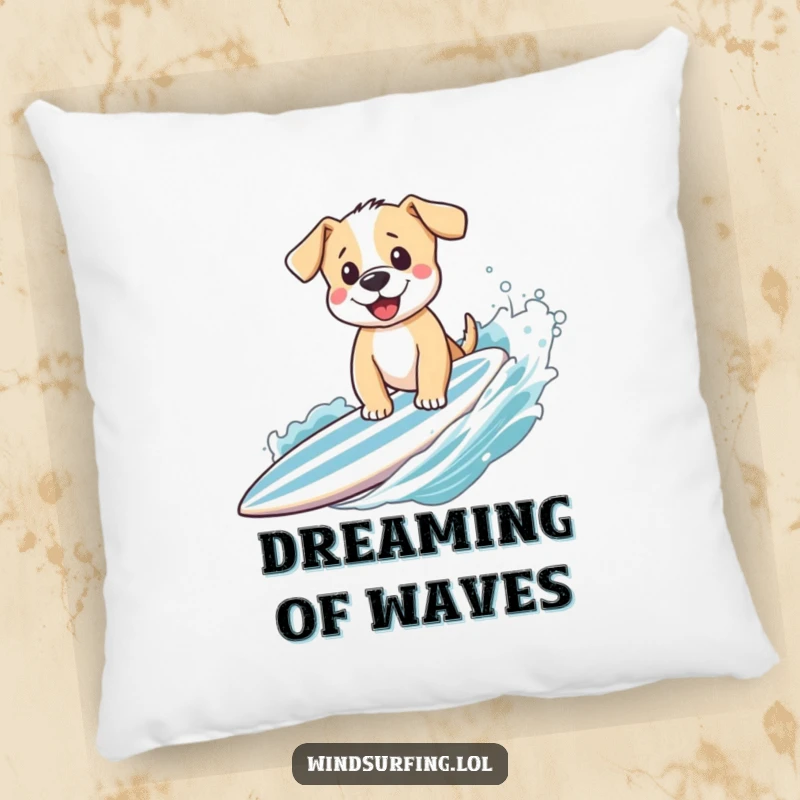 Funny puppy surfing with a cheerful wave, depicted on a soft pillow, offering cozy humor and adorable dog-themed decor.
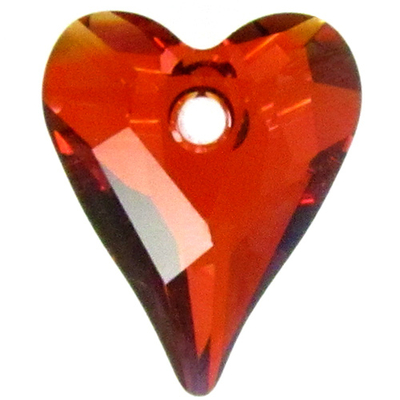 Swarovski Crystal 17mm Wild Heart Pendant 6240 - Red Magma - Transparent Finish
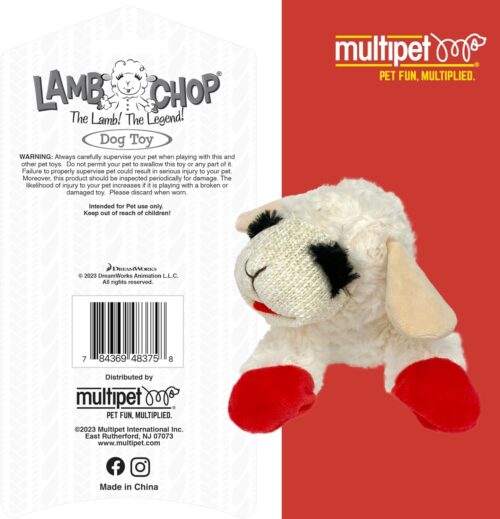 Multipet Lamb Chop Dog Plush Toy - Squeaky Toy for All Dogs - Extra Soft Plush - Stuffed Animal Dog Toy for Cuddling & Playing - Cute Pet Toy (6", Cream) - Image 86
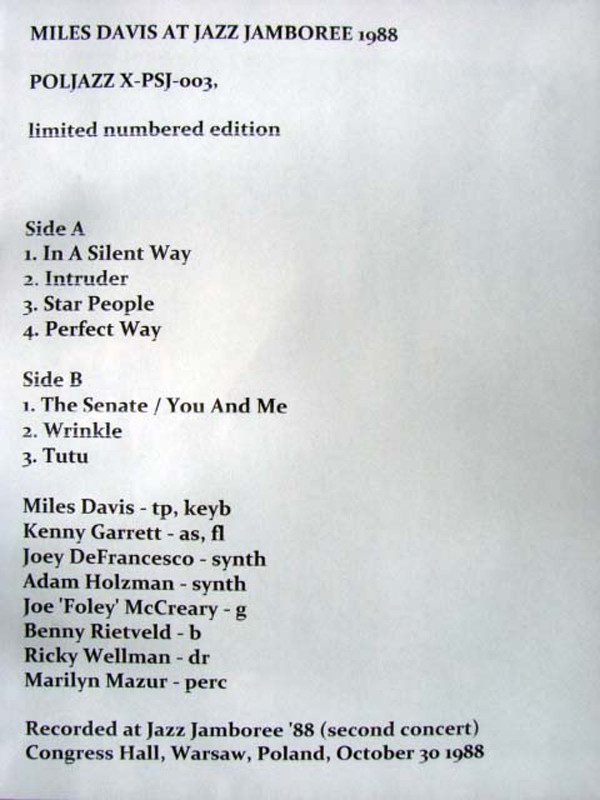 Miles Davis - Miles Davis At Jazz Jamboree 1988 | Poljazz (PSJ-X-003) - 2 Miles Davis - Miles Davis At Jazz Jamboree 1988 | Poljazz (PSJ-X-003) - 2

» Your objective: Word for word, restate all of the data, but do not copy the pictures.

» Response area:
 Funny puppy surfing with a cheerful wave, depicted on a soft pillow, offering cozy humor and adorable dog-themed decor.
 Swarovski Crystal 17mm Wild Heart Pendant 6240 - Red Magma - Transparent Finish
 Multipet Lamb Chop Dog Plush Toy - Squeaky Toy for All Dogs - Extra Soft Plush - Stuffed Animal Dog Toy for Cuddling & Playing - Cute Pet Toy (6", Cream) - Image 86
 Miles Davis - Miles Davis At Jazz Jamboree 1988 | Poljazz (PSJ-X-003) - 2 Miles Davis - Miles Davis At Jazz Jamboree 1988 | Poljazz (PSJ-X-003) - 2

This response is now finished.